== WHAT THE TASK REQUIRES ==
Return verbatim the lines that run from the one holding "Sapato masculino slip-on" to the end of the listing, both ends included, without the pictures.

--------------------------------

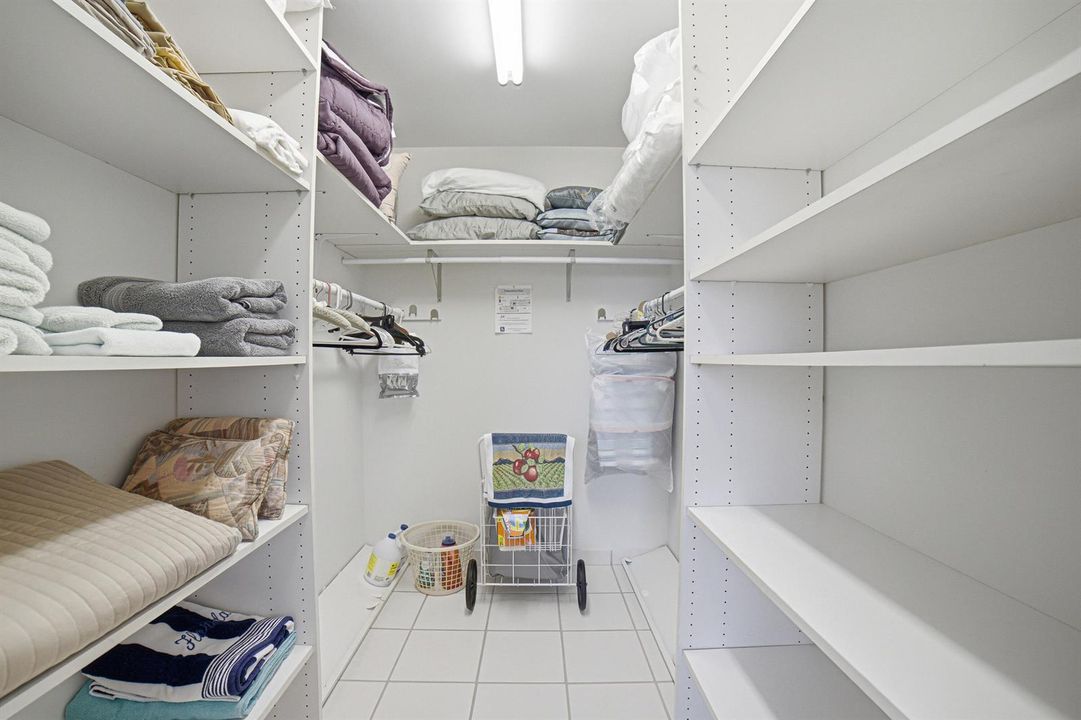 Bedroom2-Closet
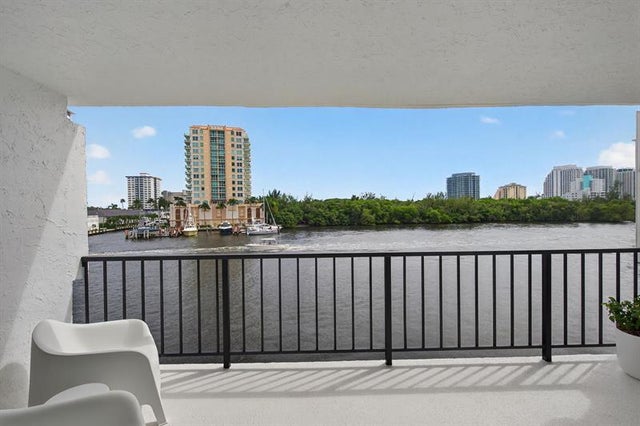 2 of 82 - 936 Intracoastal Dr 3c, Fort Lauderdale, FL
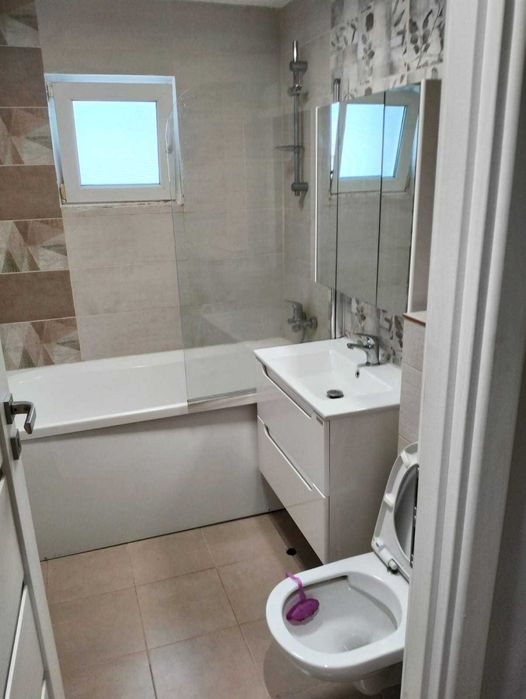 Inchiriez apartament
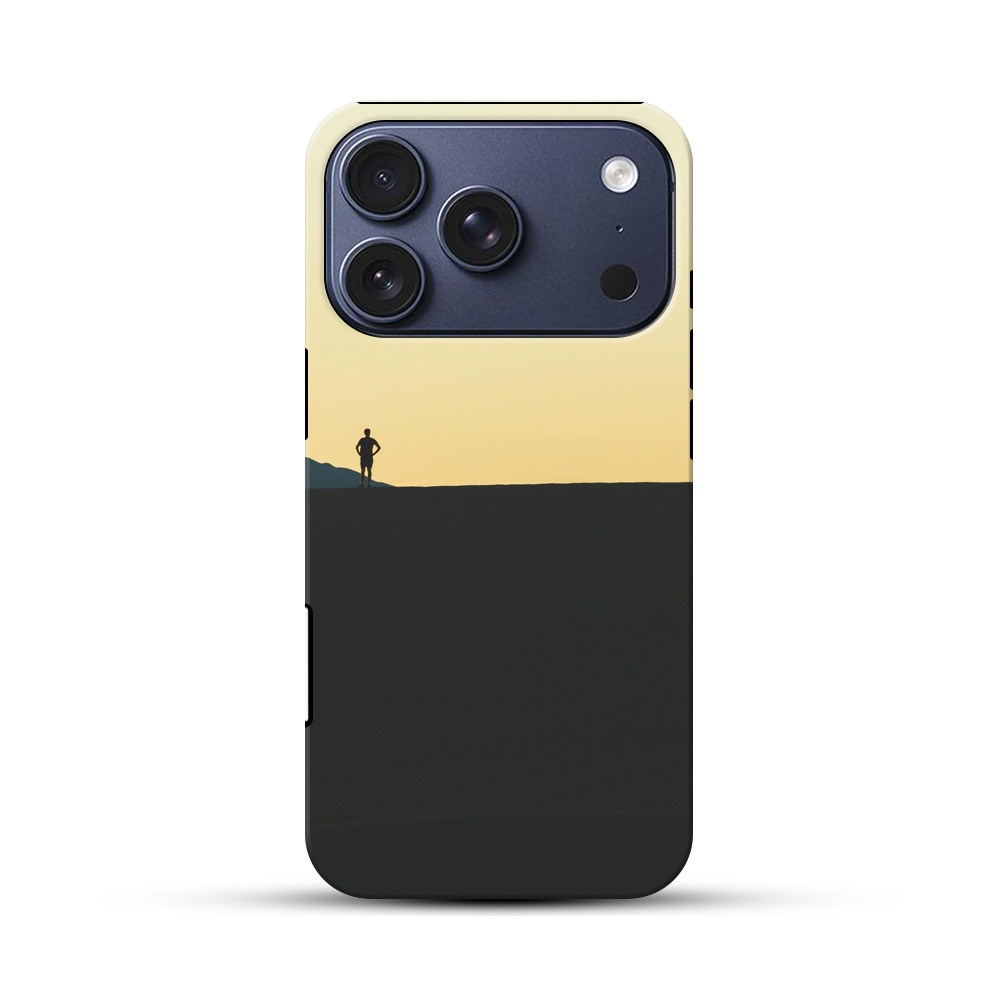 夕焼けシルエットの男 iPhone 17 Proオリジナルハ耐衝撃ケース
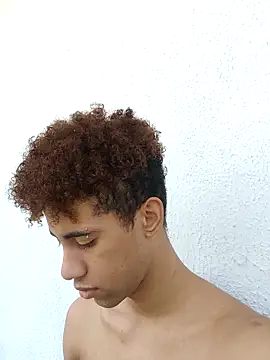 Snapshot of The_boy_good chatting on 4, 10, 2025 The boy good online show from 4, 10, 2025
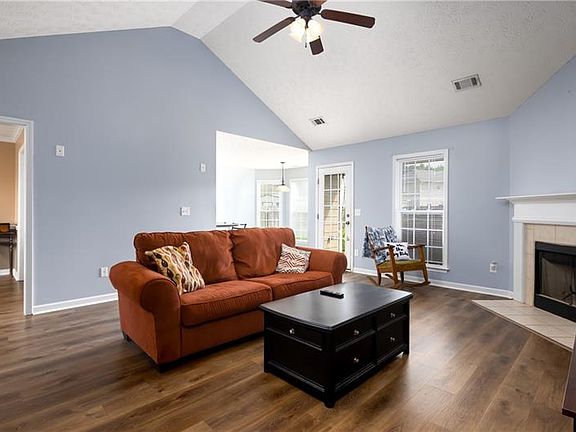 3rd image of 81 Lincolnshire Ln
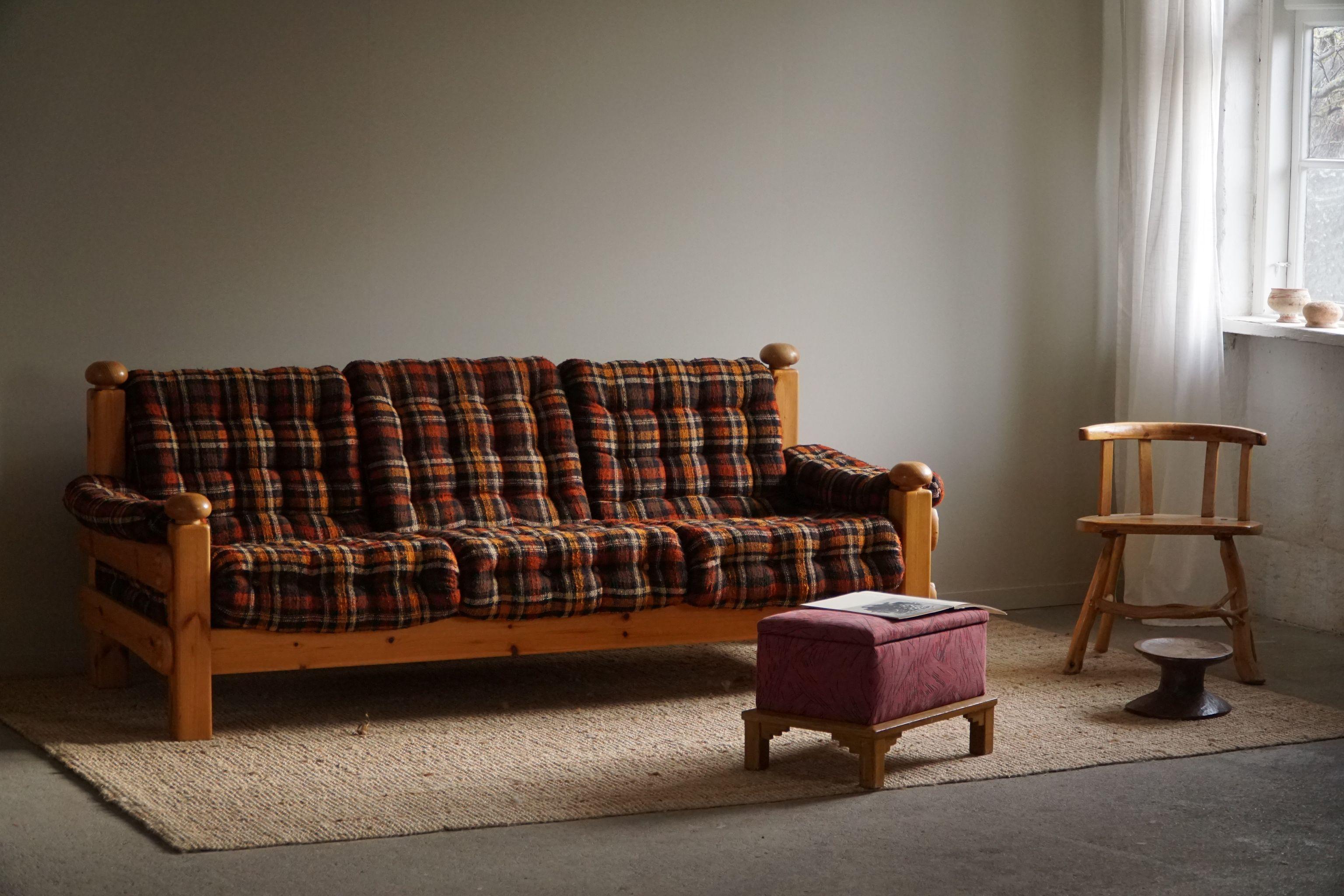 Brutalistisches Dreisitzer-Sofa aus massivem Kiefernholz, schwedische Moderne, The Moderns, 1970er Jahre (Skandinavische Moderne) im Angebot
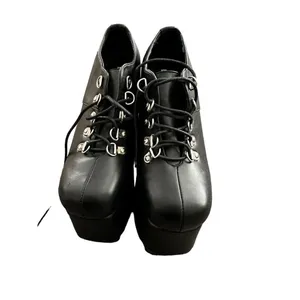 Lamoda Resolution Platform Boots Size 8 Black thumbnail 4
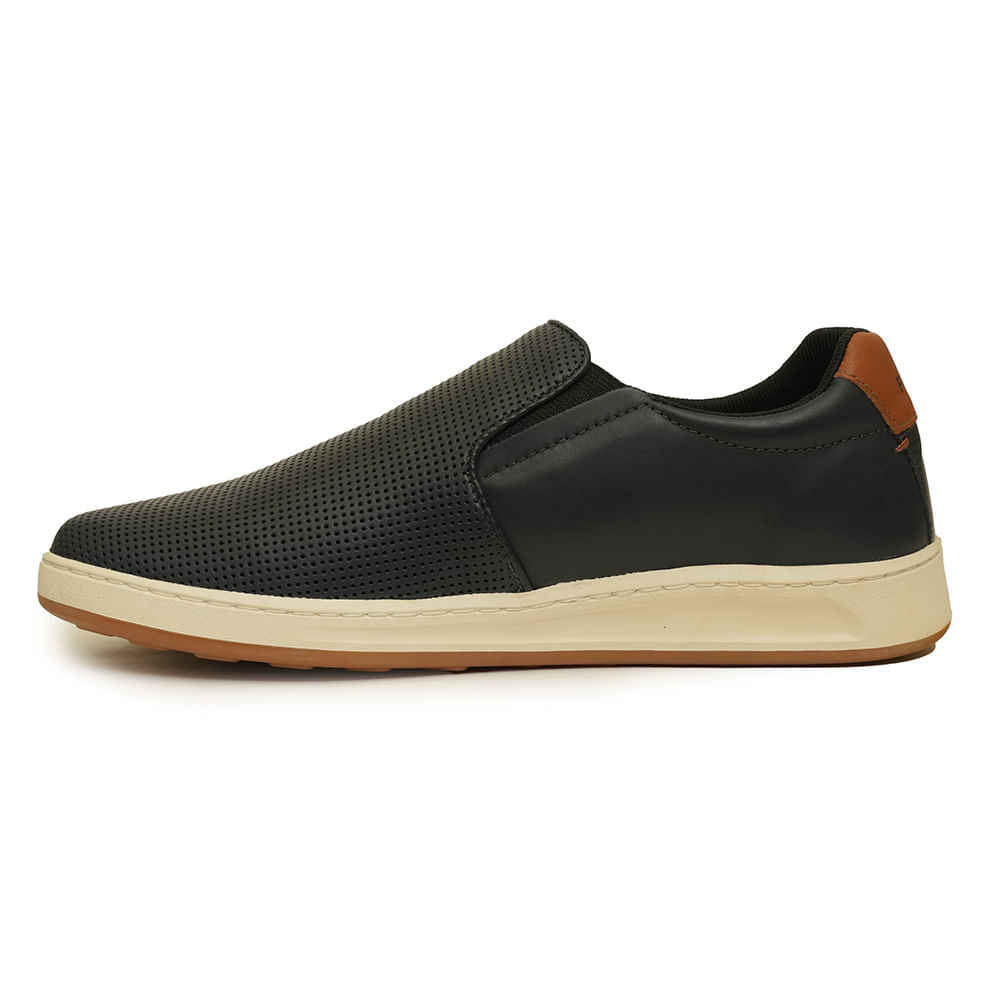 Sapato masculino slip-on em couro legítimo marinho visto de lado com fundo branco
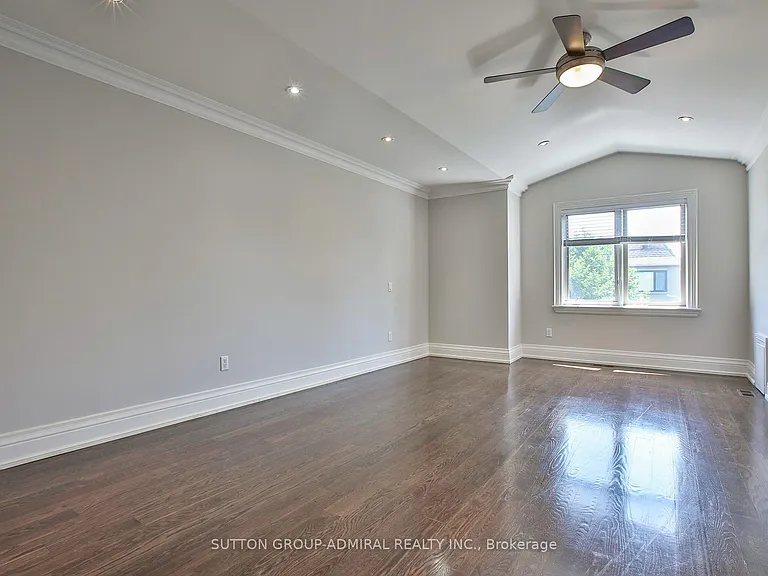 21 Dunblaine Ave — Photo 15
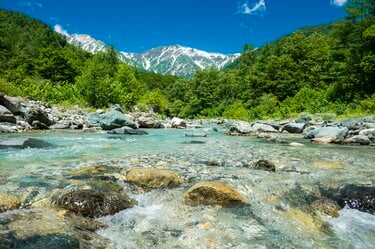 雨と呼応する渓流釣り！ 反転流を狙ってフライフィッシング！ 「岩陰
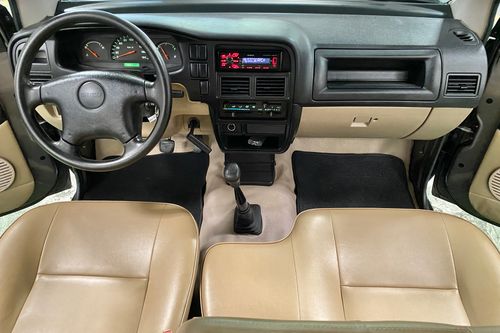 Used 2017 Isuzu Crosswind XL MT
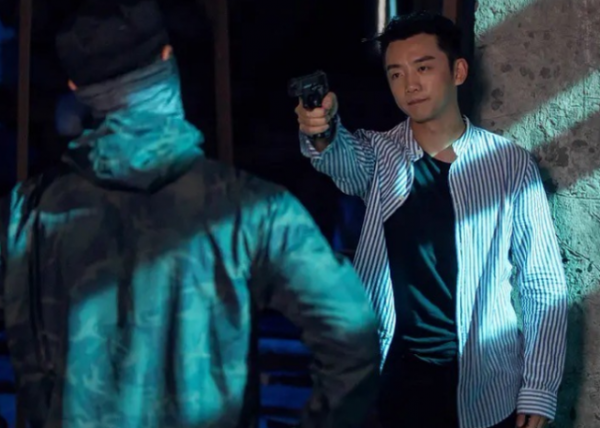 東方又甩出“王炸”劇，僅播1集口碑收視雙高，張國立新劇好上頭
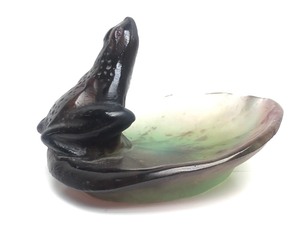 lot 75 image: Signed Vintage DAUM France Pate de Verre Glass Frog on Lilypad 
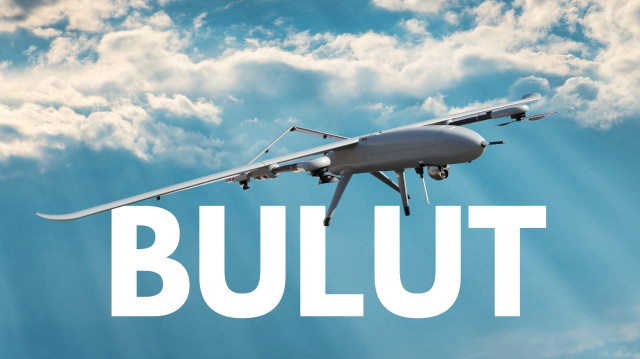 Dévoilé au salon IDEF 2025, le drone de Havelsan peut opérer en formation d’essaim, sans GPS ni piste de décollage, offrant une capacité opérationnelle sans précédent.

--------------------------------

== OUTPUT OF THE EXERCISE ==
 Sapato masculino slip-on em couro legítimo marinho visto de lado com fundo branco
 21 Dunblaine Ave — Photo 15
 雨と呼応する渓流釣り！ 反転流を狙ってフライフィッシング！ 「岩陰
 Used 2017 Isuzu Crosswind XL MT
 東方又甩出“王炸”劇，僅播1集口碑收視雙高，張國立新劇好上頭
 lot 75 image: Signed Vintage DAUM France Pate de Verre Glass Frog on Lilypad 
 Dévoilé au salon IDEF 2025, le drone de Havelsan peut opérer en formation d’essaim, sans GPS ni piste de décollage, offrant une capacité opérationnelle sans précédent.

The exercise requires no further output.